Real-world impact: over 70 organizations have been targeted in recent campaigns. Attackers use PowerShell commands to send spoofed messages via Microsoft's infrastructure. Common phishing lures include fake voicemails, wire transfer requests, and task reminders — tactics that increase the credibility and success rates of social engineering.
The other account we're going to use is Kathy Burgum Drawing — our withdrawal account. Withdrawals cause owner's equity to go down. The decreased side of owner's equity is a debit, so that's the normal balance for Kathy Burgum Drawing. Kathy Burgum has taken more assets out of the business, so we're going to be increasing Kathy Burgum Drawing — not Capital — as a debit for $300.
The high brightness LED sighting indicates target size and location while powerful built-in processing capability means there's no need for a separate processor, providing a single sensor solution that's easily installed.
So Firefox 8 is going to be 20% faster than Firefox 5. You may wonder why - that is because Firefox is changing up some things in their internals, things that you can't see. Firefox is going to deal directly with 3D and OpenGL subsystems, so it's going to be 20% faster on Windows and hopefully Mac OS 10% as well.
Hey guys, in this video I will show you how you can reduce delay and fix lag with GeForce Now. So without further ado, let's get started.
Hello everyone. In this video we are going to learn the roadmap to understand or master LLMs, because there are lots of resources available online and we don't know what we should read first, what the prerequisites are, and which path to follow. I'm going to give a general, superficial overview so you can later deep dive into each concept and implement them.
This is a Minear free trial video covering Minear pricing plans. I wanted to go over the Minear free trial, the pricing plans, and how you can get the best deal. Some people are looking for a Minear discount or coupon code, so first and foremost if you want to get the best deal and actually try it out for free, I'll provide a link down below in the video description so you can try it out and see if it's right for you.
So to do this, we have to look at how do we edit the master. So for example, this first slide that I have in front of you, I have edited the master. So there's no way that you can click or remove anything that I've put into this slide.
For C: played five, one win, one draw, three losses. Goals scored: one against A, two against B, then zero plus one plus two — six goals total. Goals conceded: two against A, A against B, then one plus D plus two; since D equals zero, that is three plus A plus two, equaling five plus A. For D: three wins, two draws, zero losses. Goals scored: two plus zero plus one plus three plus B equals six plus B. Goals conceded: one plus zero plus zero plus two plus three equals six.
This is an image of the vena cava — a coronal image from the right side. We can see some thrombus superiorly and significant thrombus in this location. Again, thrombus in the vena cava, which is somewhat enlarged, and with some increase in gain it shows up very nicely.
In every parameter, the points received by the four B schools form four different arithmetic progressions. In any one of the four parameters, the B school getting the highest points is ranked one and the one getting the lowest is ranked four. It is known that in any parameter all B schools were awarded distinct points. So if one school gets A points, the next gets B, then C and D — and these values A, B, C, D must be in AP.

= = = =

_Exercise description_
Copy the lines above exactly. Start with the line containing "Hey guys, in", end with the line containing "Hello everyone. In", and include both.

_Answer box_
Hey guys, in this video I will show you how you can reduce delay and fix lag with GeForce Now. So without further ado, let's get started.
Hello everyone. In this video we are going to learn the roadmap to understand or master LLMs, because there are lots of resources available online and we don't know what we should read first, what the prerequisites are, and which path to follow. I'm going to give a general, superficial overview so you can later deep dive into each concept and implement them.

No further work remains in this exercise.